(TASK INSTRUCTIONS)
Restate all the lines below word for word, but omit the pictures.

(SUPPLIED MATERIAL)
....
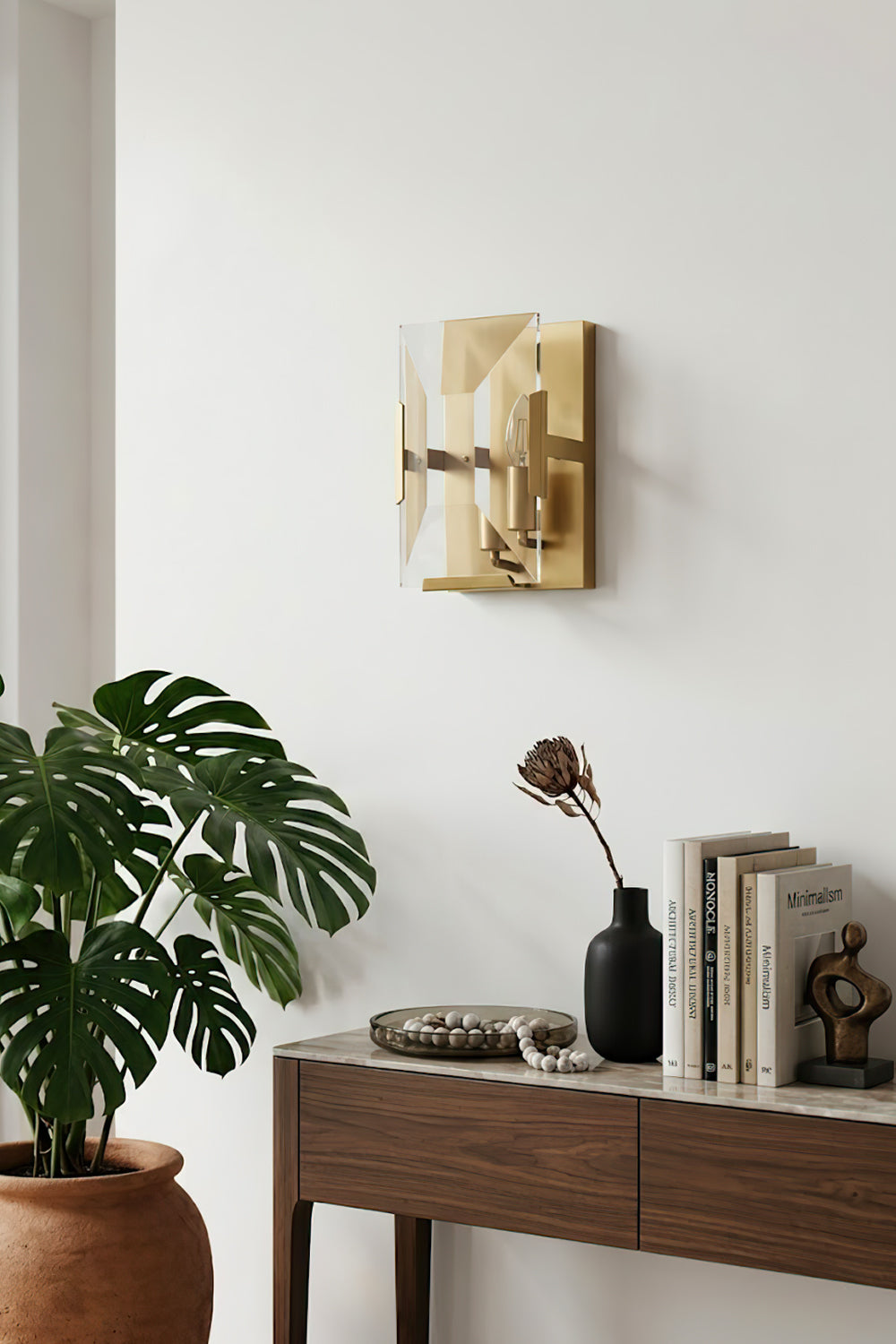 Triple Sparkling Faceted Wall Light - view 6 | morylighting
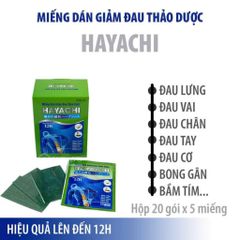 Miếng Dán Giảm Đau Thảo Dược Hayachi 12h - Chữa Bầm Tím, Bong Gân, Đau Lưng, Đau Cơ Khớp - Sử Dụng Ngoài Da, An Toàn Hữu Hiệu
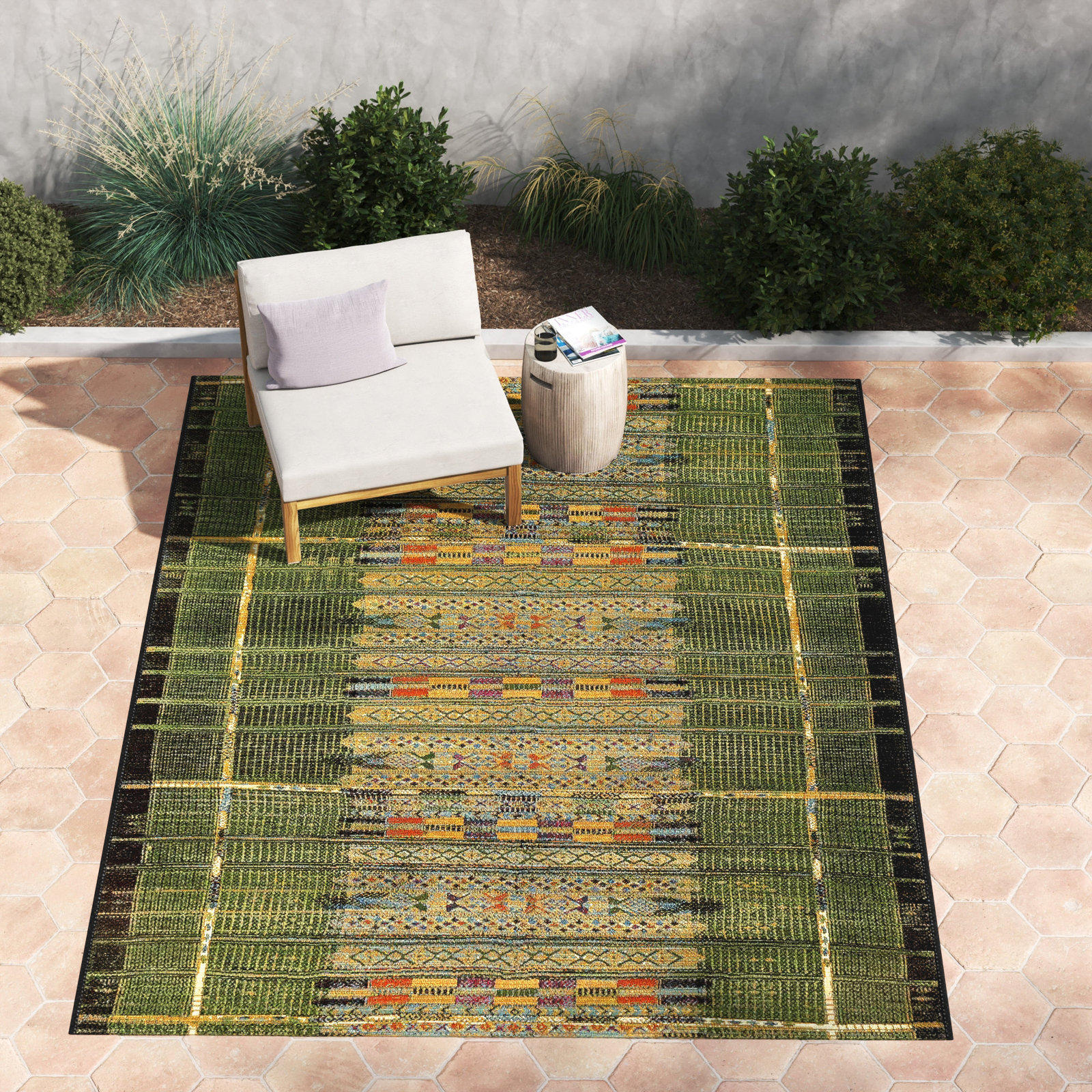 Sesena Multi-Colored Indoor/Outdoor Area Rug, Rectangle 4'10" x 7'6"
....
(RESPONSE AREA)
 Triple Sparkling Faceted Wall Light - view 6 | morylighting
 Miếng Dán Giảm Đau Thảo Dược Hayachi 12h - Chữa Bầm Tím, Bong Gân, Đau Lưng, Đau Cơ Khớp - Sử Dụng Ngoài Da, An Toàn Hữu Hiệu
 Sesena Multi-Colored Indoor/Outdoor Area Rug, Rectangle 4'10" x 7'6"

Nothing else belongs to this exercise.